Stone of Tears (9/10) - Raises the stakes as any good sequel should.
Blood of the Fold (7/10) - Suffers from prolonged separation from most of the principal cast, but ends with the series' first really great battle sequence.
Temple of the Winds (8/10) - Might have been a 7 due to certain predictable factors, had it not been for the INSANE emotional gutpunch toward the end, followed by a well-deserved happy ending.
Soul of the Fire (5/10) - Boring antagonists, uninvolving conflict, downer conclusion.
Faith of the Fallen (8/10) - Shines despite starting in on the Randian overload.

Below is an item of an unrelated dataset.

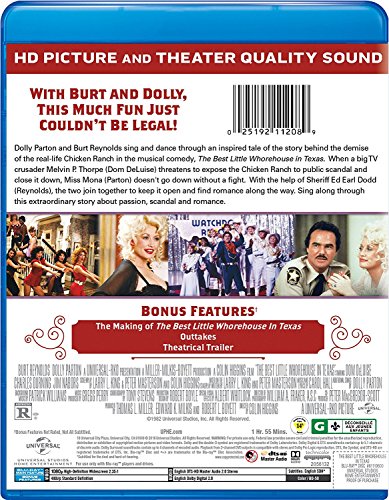 The Best Little Whorehouse In Texas - Blu-ray image 4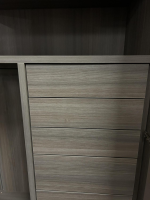 Porro - Kleiderschrank Storage Piana Grau Beige - 2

The Pillars of Creation (6/10) - Takes a bold creative direction from which it ultimately suffers. How bold? Richard and Kahlan don't even appear until the tail end of the book.
Naked Empire (4/10) - Again, boring antagonists, plus annoying protagonists. Basically a hate letter to pacifists. Goodkind might as well have called it "Lecturing to Idiots".
Debt of Bones (7/10) - A brief 100-page novella detailing some backstory that doesn't bring a whole lot to the proceedings, but does shed a bit of light on a major character's past.
Chainfire/Phantom/Confessor (7/10) - All over the place, representing all the highs of the first half and the lows of the second. Makes a valiant attempt to tie the whole series together and bring it full circle, but does so in highly convoluted fashion with a letdown of a resolution.
There is actually one additional book in the series, 2011's The Omen Machine, but given the conclusion of Confessor, which really does end the story arc of the series beginning with Wizard's First Rule, and the overall decline in quality starting with The Pillars of Creation, I felt no pressing need to push on.
All this said, the first half of the series is really where it's at. Wizard's First Rule and its immediate sequel Stone of Tears are two of the most satisfying reading experiences of my adult life, no matter that Terry Goodkind's storytelling is about as subtle as it is original (one recurring character in particular might as well have been named Gollum for all the similarities he bears), and I would love - LOVE - to see at least the first two books properly adapted to film.